[[ Supplied data, beginning ]]

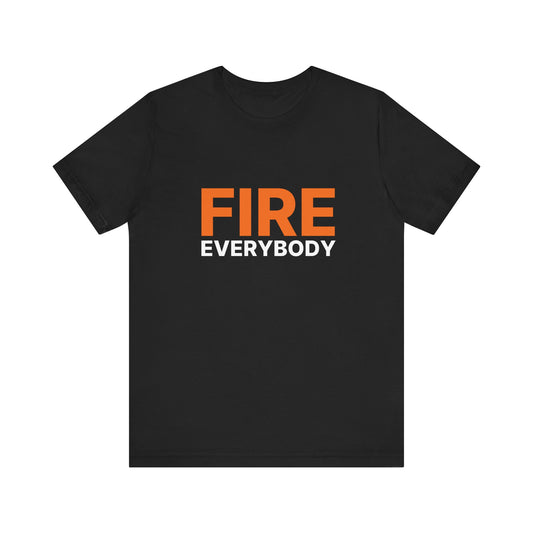 Fire Everybody Unisex Jersey Tee, Casual Graphic Shirt, Statement T-Shirt, Gift for Friends, Streetwear Fashion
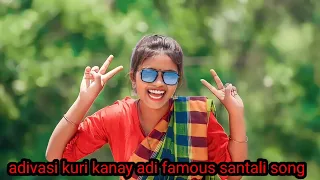 adivasi kuri kanay adi famous santali song //new Santali superhit song 2023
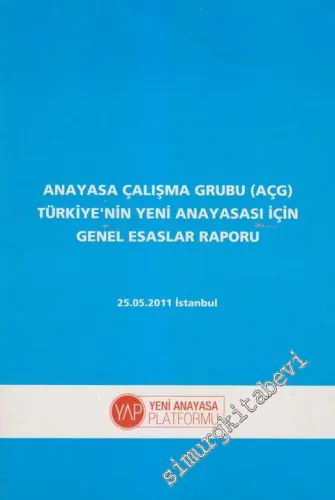 Anayasa Çalışma Grubu (AÇG) Türkiye'nin Yeni Anayasası İçin Genel Esaslar Raporu -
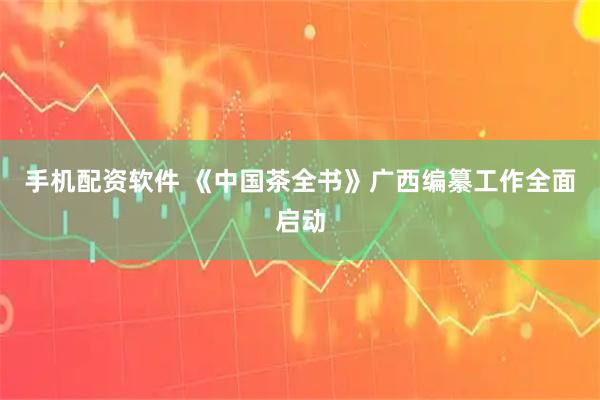 手机配资软件 《中国茶全书》广西编纂工作全面启动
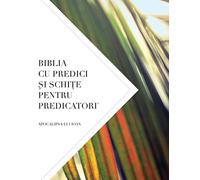 Biblia Cu Predici Şi SchiŢe Pentru Predicatori: Apocalipsa Lui Ioan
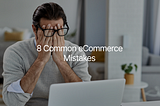 8 Common eCommerce Mistakes to Avoid in 2023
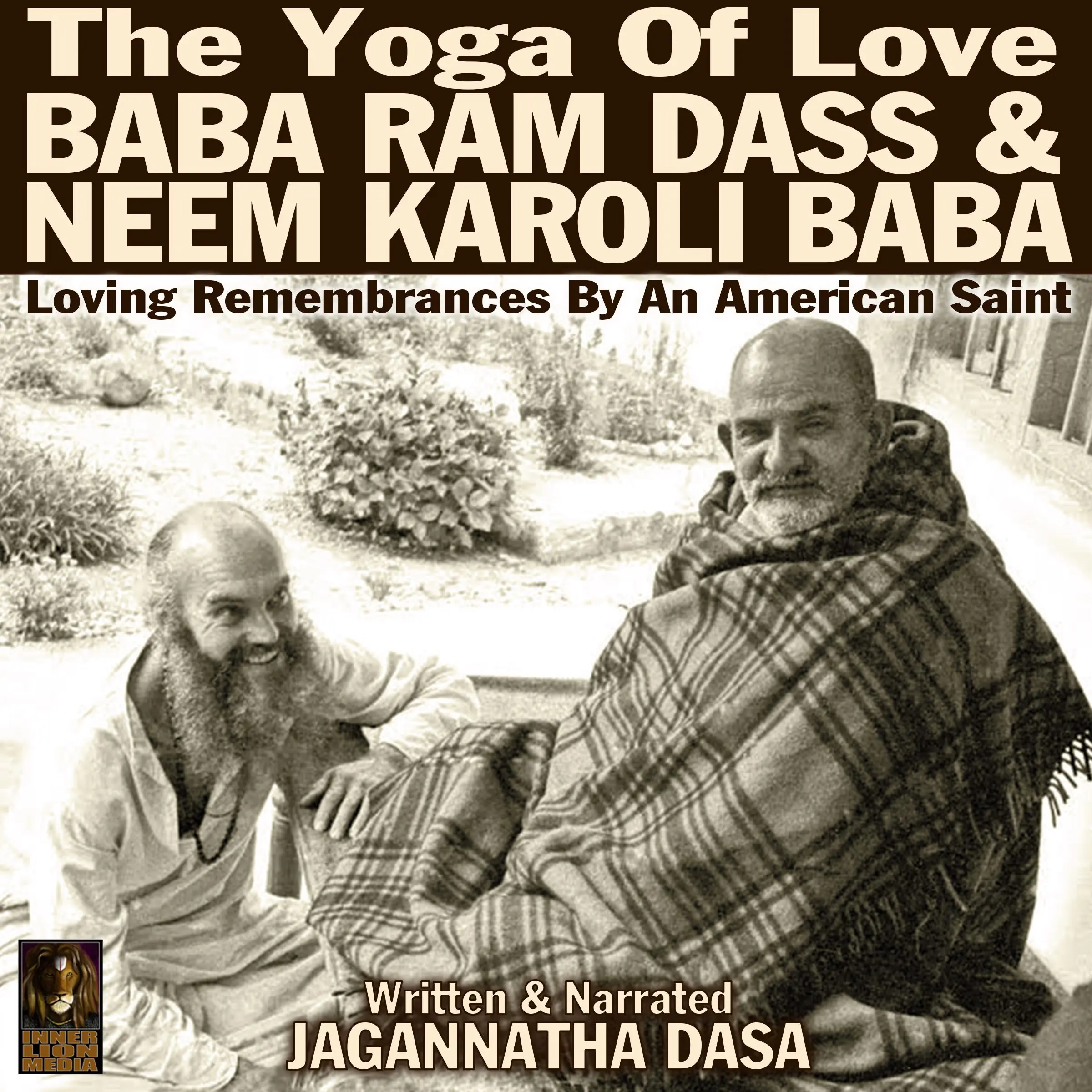 The Yoga Of Love Baba Ram Dass & Neem Karoli Baba Audiobook by Jagannatha Dasa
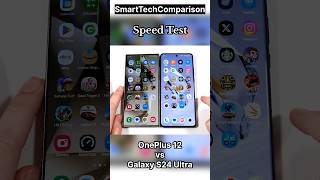 Galaxy S24 Ultra vs OnePlus 12 Speed Test [upl. by Malory]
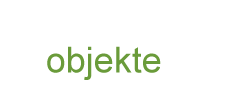 Objekte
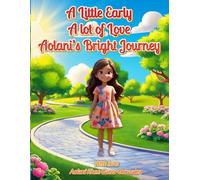 A Little Early, A Lot of Love, Aolani's Bright Journey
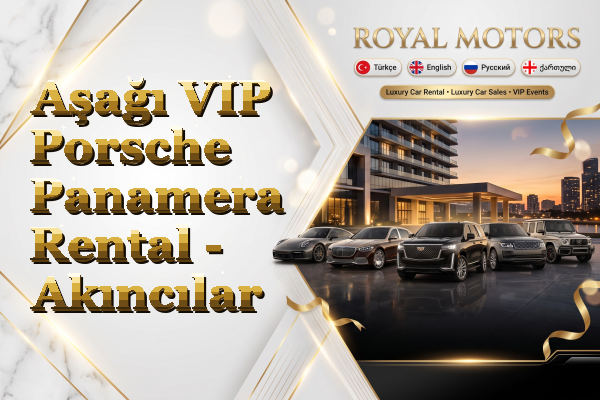 Aşağı VIP Porsche Panamera Rental - Akıncılar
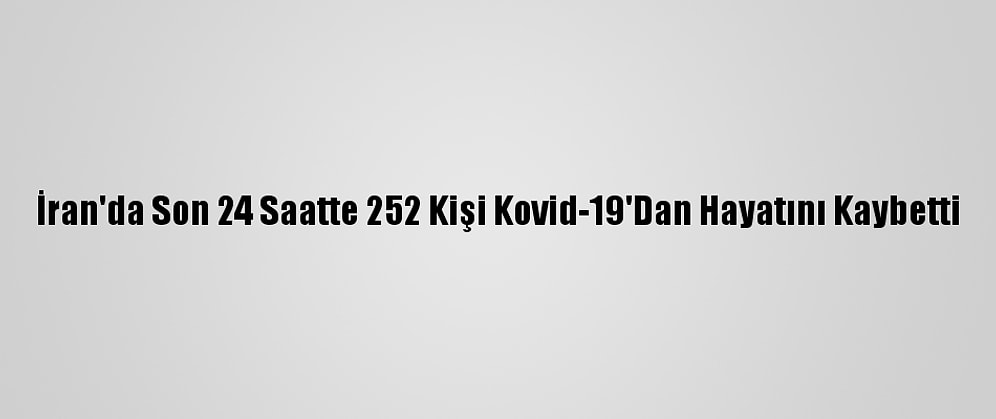İran'da Son 24 Saatte 252 Kişi Kovid-19'Dan Hayatını Kaybetti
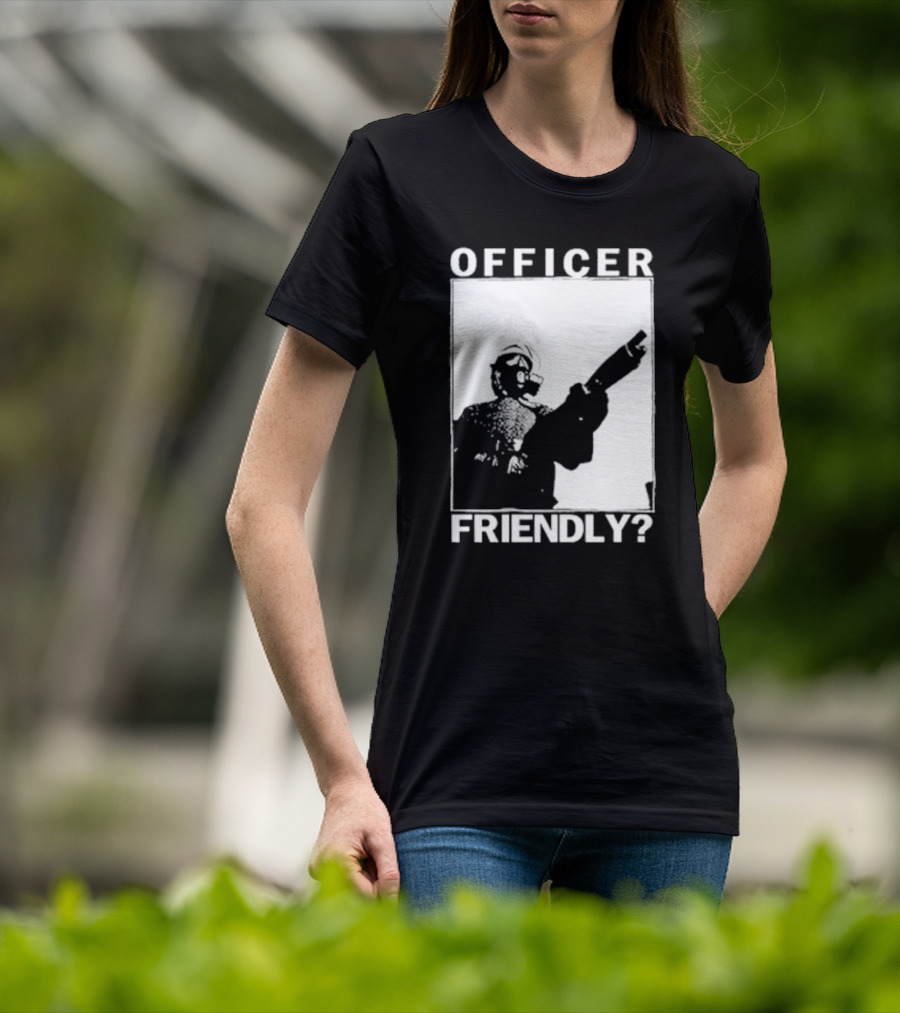 OFFICER FRIENDLY? T-Shirt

[[ Supplied data, end ]]

## Requirement:
Repeat all entries exactly. Skip the pictures.

## Task output:
 Fire Everybody Unisex Jersey Tee, Casual Graphic Shirt, Statement T-Shirt, Gift for Friends, Streetwear Fashion
 adivasi kuri kanay adi famous santali song //new Santali superhit song 2023
 Anayasa Çalışma Grubu (AÇG) Türkiye'nin Yeni Anayasası İçin Genel Esaslar Raporu -
 手机配资软件 《中国茶全书》广西编纂工作全面启动
 Biblia Cu Predici Şi SchiŢe Pentru Predicatori: Apocalipsa Lui Ioan
 8 Common eCommerce Mistakes to Avoid in 2023
 The Yoga Of Love Baba Ram Dass & Neem Karoli Baba Audiobook by Jagannatha Dasa
 Galaxy S24 Ultra vs OnePlus 12 Speed Test [upl. by Malory]
 Objekte
 A Little Early, A Lot of Love, Aolani's Bright Journey
 Aşağı VIP Porsche Panamera Rental - Akıncılar
İran'da Son 24 Saatte 252 Kişi Kovid-19'Dan Hayatını Kaybetti
 OFFICER FRIENDLY? T-Shirt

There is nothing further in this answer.